▸ PROBLEM REQUIREMENTS:
What you return must be an exact copy of the lines in the listing below between the line holding "Olympus OM-D E-M1" and the line holding "Kennt ihr schon", inclusive, and nothing more.
━━ EXERCISE DATA ━━
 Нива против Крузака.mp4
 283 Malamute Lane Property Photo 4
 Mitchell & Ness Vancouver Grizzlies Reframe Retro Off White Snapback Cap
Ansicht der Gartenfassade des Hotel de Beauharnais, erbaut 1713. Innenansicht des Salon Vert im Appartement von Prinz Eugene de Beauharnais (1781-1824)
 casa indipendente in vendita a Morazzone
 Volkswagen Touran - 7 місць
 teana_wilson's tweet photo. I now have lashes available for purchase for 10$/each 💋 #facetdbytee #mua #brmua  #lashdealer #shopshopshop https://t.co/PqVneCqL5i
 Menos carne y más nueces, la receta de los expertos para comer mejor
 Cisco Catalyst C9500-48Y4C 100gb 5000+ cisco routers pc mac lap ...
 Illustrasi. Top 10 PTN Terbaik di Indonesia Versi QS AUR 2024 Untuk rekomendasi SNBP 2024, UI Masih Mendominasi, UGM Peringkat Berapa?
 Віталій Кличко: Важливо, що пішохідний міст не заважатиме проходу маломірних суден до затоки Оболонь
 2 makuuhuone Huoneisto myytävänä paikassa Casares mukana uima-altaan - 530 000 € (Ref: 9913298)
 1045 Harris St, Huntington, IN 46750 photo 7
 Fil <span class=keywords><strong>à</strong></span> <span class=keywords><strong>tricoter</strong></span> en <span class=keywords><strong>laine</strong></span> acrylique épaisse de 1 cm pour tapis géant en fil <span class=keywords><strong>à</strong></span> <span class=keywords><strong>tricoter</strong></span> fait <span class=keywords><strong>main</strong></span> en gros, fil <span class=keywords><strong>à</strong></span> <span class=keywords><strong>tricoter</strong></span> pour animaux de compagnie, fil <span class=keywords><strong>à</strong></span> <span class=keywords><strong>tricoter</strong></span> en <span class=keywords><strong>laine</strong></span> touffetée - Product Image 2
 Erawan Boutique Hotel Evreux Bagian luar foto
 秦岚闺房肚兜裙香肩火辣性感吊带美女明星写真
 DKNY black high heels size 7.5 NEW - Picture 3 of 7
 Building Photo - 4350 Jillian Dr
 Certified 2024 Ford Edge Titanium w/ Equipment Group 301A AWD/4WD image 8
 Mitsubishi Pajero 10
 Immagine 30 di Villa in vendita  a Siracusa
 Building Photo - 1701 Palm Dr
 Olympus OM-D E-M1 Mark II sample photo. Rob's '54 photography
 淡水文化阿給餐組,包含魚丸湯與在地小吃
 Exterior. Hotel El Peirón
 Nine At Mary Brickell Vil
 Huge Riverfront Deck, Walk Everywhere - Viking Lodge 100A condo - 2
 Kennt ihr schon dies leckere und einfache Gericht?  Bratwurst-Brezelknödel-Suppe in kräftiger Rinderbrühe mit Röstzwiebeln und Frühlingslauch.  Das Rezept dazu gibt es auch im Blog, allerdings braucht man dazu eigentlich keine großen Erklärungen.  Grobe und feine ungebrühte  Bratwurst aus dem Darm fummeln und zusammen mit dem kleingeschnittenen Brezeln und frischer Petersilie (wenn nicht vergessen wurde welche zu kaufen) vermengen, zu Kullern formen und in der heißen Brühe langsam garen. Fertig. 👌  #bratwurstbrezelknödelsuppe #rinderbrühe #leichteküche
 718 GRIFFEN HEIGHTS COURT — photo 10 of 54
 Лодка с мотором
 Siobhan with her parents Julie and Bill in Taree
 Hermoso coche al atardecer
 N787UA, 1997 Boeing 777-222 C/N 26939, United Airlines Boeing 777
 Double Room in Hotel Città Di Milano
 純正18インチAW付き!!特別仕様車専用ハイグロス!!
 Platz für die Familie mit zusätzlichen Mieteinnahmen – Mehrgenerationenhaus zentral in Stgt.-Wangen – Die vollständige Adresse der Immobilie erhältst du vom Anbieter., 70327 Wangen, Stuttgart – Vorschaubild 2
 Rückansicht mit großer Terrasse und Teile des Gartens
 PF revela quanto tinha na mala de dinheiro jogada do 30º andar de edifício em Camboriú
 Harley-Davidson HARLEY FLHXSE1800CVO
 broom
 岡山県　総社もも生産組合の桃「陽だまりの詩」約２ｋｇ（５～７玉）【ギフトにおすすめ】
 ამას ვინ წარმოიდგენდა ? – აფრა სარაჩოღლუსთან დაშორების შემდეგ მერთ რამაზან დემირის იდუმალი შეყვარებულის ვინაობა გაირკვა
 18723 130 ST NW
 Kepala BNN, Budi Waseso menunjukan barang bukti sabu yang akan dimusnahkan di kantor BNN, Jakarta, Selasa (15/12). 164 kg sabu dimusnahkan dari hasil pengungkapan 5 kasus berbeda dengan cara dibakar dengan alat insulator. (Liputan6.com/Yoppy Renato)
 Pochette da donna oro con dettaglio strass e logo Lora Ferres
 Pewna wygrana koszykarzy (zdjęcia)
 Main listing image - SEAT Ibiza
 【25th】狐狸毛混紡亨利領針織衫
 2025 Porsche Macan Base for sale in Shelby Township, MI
━━━
▸ RESULT:
 Olympus OM-D E-M1 Mark II sample photo. Rob's '54 photography
 淡水文化阿給餐組,包含魚丸湯與在地小吃
 Exterior. Hotel El Peirón
 Nine At Mary Brickell Vil
 Huge Riverfront Deck, Walk Everywhere - Viking Lodge 100A condo - 2
 Kennt ihr schon dies leckere und einfache Gericht?  Bratwurst-Brezelknödel-Suppe in kräftiger Rinderbrühe mit Röstzwiebeln und Frühlingslauch.  Das Rezept dazu gibt es auch im Blog, allerdings braucht man dazu eigentlich keine großen Erklärungen.  Grobe und feine ungebrühte  Bratwurst aus dem Darm fummeln und zusammen mit dem kleingeschnittenen Brezeln und frischer Petersilie (wenn nicht vergessen wurde welche zu kaufen) vermengen, zu Kullern formen und in der heißen Brühe langsam garen. Fertig. 👌  #bratwurstbrezelknödelsuppe #rinderbrühe #leichteküche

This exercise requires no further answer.